Application 17/167,001 is a continuation in part of application No. 17/064,566, filed on Oct. 6, 2020.
Application 17/064,566 is a continuation in part of application No. 16/792,869, filed on Feb. 17, 2020.
Claims priority of provisional application 63/027,829, filed on May 20, 2020.
Claims priority of provisional application 62/953,008, filed on Dec. 23, 2019.
Claims priority of provisional application 62/814,133, filed on Mar. 5, 2019.
Int. Cl. G06F 18/21 (2023.01); G06N 3/086 (2023.01)

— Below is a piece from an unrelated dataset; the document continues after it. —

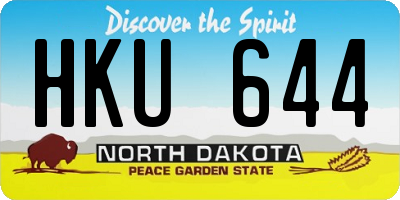 ND license plate HKU644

CPC G06F 18/2185 (2023.01) [G06N 3/086 (2013.01)]

18 Claims

1. A system for controlling a plurality of autonomous platforms, the system comprising:

one or more processors and a non-transitory computer-readable medium having executable instructions encoded thereon such that when executed, the one or more processors perform operations of:

performing a training process to produce a trained learning agent in a simulation environment comprising a plurality of controlled platforms and a plurality of target platforms, comprising:

for each simulation time-step until an episode ends:

assigning each controlled platform to one target platform, wherein each target platform produces an observation;

processing, with a learning agent, each observation using a deep learning network;

for each observation, producing, by the learning agent, an action corresponding to each controlled platform until an action has been produced for each controlled platform in the simulation environment;

obtaining a reward value corresponding to the episode; and

executing the trained learning agent to control each autonomous platform comprising a plurality of platform sensors and platform actuators, wherein executing the trained agent comprises:

receiving, by the trained agent, one or more observations from at least one platform sensor;

producing a behavior-level action based on the one or more observations; and

causing one or more platform actuators to perform a physical action based on the behavior-level action.